Description of the task – Which lines run from the line with "Building Photo - 23839 Via Camino Ln" through the line with "Property Photo: 4131 Peninsula Road WA 98292" in the entries below? Print them exactly, both ends included, and nothing more.

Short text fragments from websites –
......

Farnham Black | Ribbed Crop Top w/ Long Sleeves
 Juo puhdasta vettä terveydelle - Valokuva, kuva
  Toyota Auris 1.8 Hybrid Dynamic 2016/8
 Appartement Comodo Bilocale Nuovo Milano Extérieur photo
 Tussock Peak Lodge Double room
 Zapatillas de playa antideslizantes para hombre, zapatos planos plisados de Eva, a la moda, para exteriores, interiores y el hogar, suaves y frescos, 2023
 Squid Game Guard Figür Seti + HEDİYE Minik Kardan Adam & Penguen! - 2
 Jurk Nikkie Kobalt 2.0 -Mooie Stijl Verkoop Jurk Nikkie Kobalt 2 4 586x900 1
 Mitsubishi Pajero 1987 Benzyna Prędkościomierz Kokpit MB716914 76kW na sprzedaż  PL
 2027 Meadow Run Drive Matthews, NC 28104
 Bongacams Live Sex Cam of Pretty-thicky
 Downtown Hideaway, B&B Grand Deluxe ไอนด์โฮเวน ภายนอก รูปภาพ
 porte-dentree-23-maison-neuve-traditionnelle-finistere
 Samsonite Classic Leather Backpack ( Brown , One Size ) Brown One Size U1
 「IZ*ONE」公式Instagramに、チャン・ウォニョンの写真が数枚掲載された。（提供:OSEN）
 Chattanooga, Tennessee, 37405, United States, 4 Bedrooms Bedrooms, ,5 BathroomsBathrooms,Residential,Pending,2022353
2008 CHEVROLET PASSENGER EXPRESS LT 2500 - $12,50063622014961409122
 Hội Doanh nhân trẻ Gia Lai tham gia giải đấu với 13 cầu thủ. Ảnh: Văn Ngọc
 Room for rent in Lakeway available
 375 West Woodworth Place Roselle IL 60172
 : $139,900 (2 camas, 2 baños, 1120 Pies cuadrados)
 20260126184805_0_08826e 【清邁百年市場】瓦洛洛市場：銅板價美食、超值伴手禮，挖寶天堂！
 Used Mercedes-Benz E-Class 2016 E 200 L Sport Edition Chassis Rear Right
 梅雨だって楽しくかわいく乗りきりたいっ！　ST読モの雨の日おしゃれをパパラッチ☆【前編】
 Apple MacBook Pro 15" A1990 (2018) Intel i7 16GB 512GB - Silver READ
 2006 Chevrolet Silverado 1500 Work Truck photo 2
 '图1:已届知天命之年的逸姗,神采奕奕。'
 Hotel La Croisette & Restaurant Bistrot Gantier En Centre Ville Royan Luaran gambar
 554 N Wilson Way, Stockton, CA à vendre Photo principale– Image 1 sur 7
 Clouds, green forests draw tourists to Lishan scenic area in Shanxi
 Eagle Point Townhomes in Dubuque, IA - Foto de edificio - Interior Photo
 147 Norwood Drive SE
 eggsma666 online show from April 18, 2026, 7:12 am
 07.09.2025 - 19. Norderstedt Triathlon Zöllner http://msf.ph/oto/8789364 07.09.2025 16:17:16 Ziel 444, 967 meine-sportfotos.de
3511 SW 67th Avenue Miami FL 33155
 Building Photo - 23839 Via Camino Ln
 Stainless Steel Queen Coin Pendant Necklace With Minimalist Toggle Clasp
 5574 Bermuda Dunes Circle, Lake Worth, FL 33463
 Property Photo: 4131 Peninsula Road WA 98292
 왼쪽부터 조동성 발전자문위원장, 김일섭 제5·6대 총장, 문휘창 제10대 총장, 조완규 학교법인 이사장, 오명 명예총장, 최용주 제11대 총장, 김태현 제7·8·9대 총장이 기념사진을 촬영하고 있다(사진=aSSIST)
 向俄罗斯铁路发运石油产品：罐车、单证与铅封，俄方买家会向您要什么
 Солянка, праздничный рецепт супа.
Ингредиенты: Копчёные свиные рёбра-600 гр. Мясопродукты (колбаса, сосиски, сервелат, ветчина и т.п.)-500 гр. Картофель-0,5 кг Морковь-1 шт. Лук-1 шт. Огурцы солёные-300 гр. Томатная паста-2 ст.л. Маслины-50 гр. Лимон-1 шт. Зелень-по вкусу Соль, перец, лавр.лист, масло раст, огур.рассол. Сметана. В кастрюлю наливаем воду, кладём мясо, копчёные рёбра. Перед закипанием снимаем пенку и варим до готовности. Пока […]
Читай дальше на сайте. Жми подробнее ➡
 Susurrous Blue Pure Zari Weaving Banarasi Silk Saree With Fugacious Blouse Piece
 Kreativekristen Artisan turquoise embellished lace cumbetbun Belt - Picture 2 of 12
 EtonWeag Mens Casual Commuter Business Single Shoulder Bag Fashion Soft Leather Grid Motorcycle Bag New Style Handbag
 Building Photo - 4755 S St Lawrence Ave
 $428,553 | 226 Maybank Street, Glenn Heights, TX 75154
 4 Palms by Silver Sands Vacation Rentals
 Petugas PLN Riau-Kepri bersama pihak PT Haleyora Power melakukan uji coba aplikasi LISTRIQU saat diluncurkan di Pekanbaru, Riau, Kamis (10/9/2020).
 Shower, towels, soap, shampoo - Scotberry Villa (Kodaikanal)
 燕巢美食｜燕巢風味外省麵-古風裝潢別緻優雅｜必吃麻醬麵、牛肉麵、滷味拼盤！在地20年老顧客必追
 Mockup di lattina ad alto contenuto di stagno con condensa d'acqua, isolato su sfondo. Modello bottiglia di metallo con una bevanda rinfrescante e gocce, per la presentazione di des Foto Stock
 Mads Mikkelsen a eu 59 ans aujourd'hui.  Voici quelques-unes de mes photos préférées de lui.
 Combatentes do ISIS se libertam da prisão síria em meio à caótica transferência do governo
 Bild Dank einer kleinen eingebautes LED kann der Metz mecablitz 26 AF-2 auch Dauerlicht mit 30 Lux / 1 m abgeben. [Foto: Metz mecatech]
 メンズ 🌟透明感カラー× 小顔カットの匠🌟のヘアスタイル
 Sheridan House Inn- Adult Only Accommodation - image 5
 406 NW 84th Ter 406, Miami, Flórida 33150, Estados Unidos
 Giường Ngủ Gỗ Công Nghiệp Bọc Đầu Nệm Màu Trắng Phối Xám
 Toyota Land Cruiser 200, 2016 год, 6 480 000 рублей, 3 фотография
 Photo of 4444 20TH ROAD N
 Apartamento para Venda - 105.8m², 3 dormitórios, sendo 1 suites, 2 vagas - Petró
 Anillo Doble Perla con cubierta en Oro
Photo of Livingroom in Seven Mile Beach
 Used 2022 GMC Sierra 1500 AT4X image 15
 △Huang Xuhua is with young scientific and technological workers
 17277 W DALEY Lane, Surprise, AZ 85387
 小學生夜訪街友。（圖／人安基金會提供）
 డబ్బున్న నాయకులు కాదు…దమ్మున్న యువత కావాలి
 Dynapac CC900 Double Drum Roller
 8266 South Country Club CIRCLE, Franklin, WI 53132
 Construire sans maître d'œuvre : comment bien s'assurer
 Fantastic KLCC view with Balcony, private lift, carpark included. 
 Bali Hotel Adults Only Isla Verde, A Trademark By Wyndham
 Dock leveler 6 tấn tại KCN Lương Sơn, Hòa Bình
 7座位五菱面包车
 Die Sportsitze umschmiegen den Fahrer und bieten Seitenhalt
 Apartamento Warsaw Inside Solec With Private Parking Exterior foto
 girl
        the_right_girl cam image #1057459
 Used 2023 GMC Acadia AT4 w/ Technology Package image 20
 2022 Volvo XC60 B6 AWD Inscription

......

Response box –
 Building Photo - 23839 Via Camino Ln
 Stainless Steel Queen Coin Pendant Necklace With Minimalist Toggle Clasp
 5574 Bermuda Dunes Circle, Lake Worth, FL 33463
 Property Photo: 4131 Peninsula Road WA 98292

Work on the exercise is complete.